Instruction

1

Draw the scheme, which is a schematic representation of a beam, its supports and their reactions, and impact loads. An example design diagram is shown in figure 1.

2

Reactions of supports are given in pivotally-movable support occurs only transverse reaction at the hinged support — longitudinal and lateral reactions in rigid restraint — both types of reactions and reaction moment.To select the floor reaction can be arbitrarily, if the result of further calculations will get a negative value some of the reactions, so it is necessary to change the direction.After you decide the types of supports and put down their reactions, it is necessary to break the beam into sections, based on the fact that the area should not change the forces.

3

Now you need to make the equation of equilibrium for the x and y axes and for the current

**moments**. You need to know that the sum of all**moments**acting on the beam equal to zero, and the sum of all forces along the axes is also zero. If the beam distributed load acts, in the preparation of the equilibrium equations must be replaced by a concentrated force which is equal to product of force of a distributed load on the length of the plot on which it operates. Using a system of three equilibrium equations, determine the reactions of supports.4

Now count the amount of longitudinal forces and bending

**moments**at each site. To do this, use the following formula: transverse load Q = q*x +Q0, where Q0 is the sum of the forces from all the previous sections, q is a distributed load on the section, x is the length of the site. The bending moment Mi = (q*x^2)/2 + Q0*x + M0, where M0 is the torque value at the beginning of the plot.5

Now you have all the data for building plots, which represent a plot of the load along the beam length.
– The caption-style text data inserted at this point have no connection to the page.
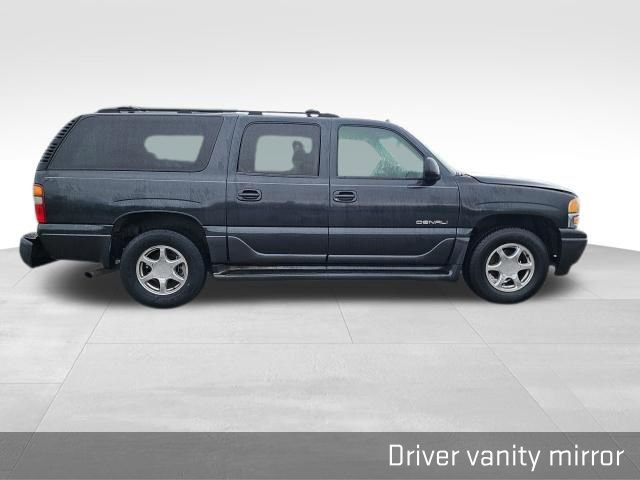 Used 2003 GMC Yukon XL Denali image 30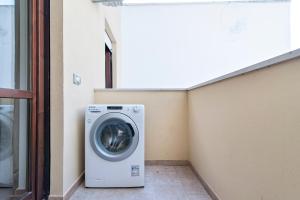 una lavadora en una esquina de una habitación en Le 2 Palme Family House - Lecce Selection, en Lecce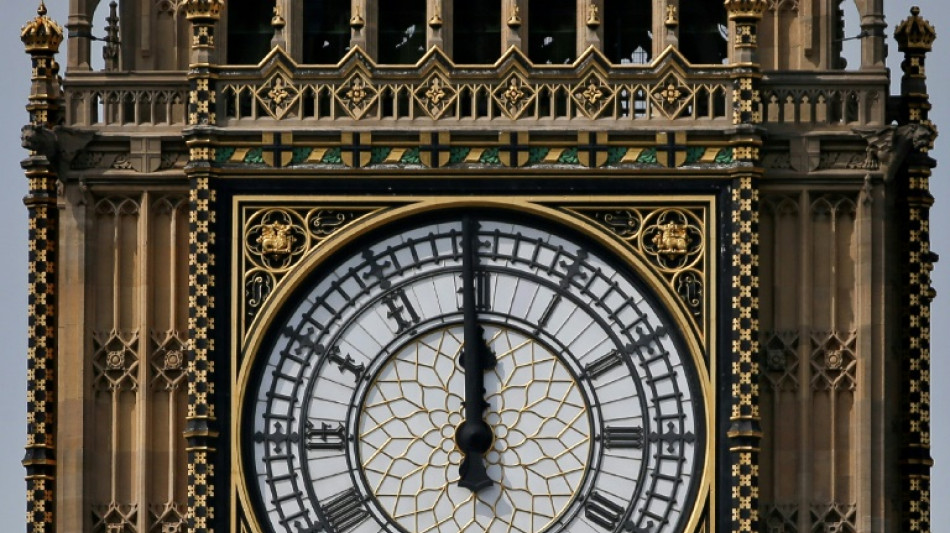 Global timekeepers vote to scrap leap second by 2035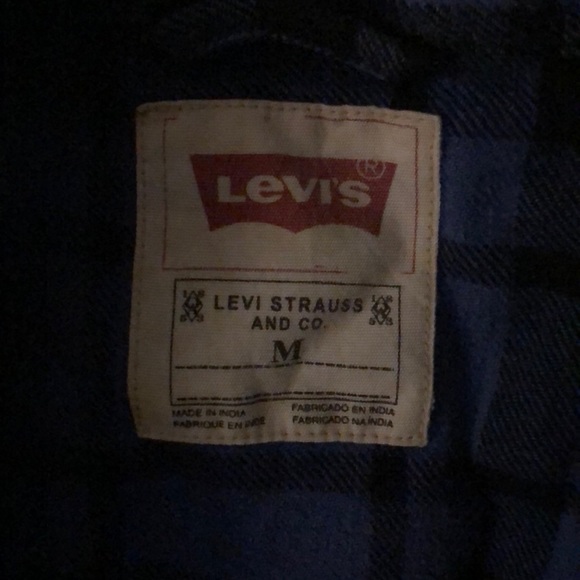 Levi’s Flannel - Picture 4 of 4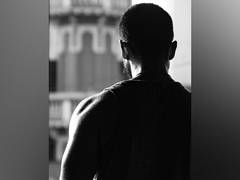
      
      Shahid Kapoor flaunts his rugged body from Deva’s set
      
      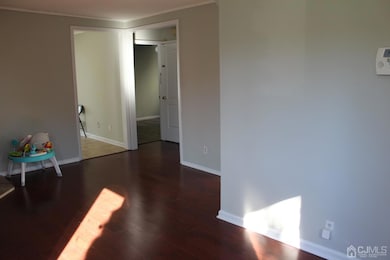 8 Maple Rd, Iselin, NJ 08830 - photo 5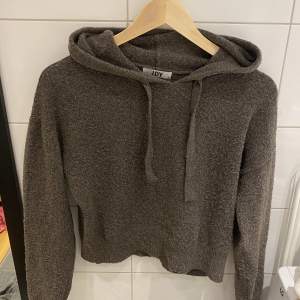 Säljer denna fina stickade hoodie, använd ett fåtal gånger 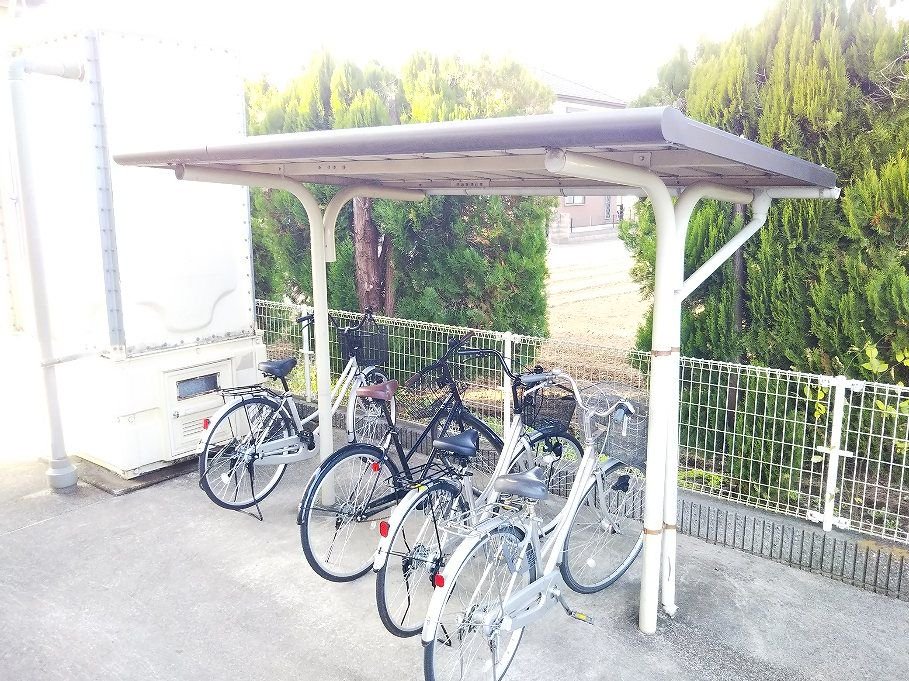 無料駐輪場完備です。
First build the

**plot**of shear forces, choosing a scale, noting the value of the load at the beginning of each section and connecting the resulting points. Now check the values of the bending**moments**at the stations and connect the dots, given that if you plot shear forces in this area is a line parallel to the beam, on the plot of the bending**moments**will be a sloping line, if on the plot the shear forces — sloping line, in the plot of the bending**moments**formed a parabola.